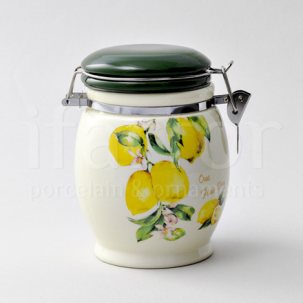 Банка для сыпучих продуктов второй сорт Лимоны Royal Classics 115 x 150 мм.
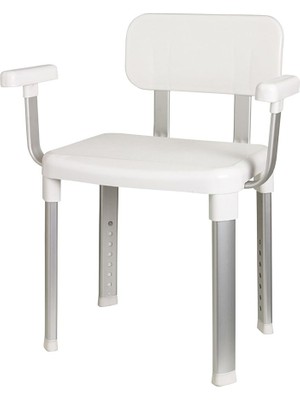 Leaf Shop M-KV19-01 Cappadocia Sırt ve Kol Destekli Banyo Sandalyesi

※

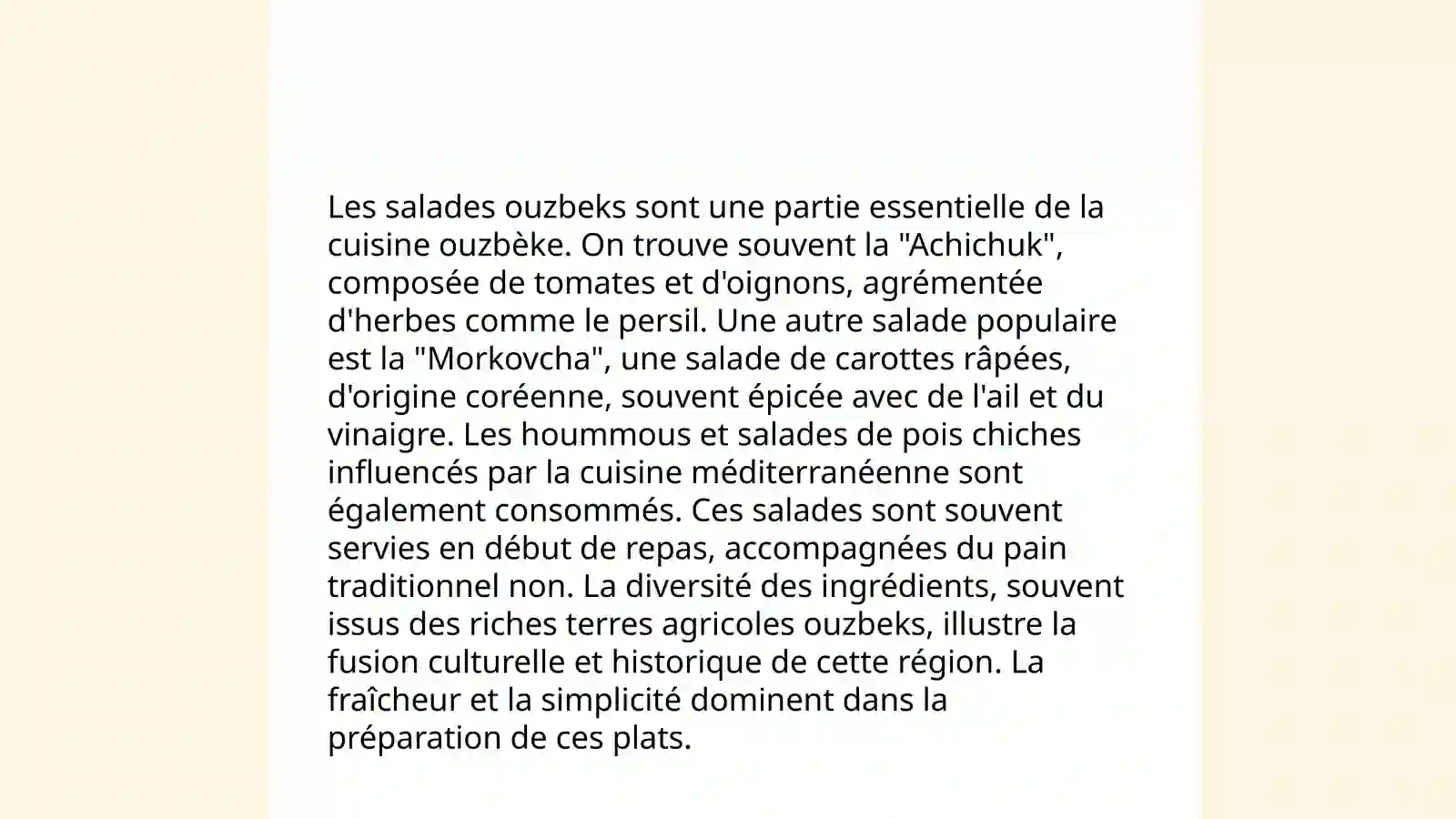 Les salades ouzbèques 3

※

### Problem to work on
Using the entries above, write out exactly the lines from the one with "Банка для сыпучих" through the one with "Leaf Shop M-KV19-01", ends included. Leave out any pictures.

### Written answer
 Банка для сыпучих продуктов второй сорт Лимоны Royal Classics 115 x 150 мм.
 Leaf Shop M-KV19-01 Cappadocia Sırt ve Kol Destekli Banyo Sandalyesi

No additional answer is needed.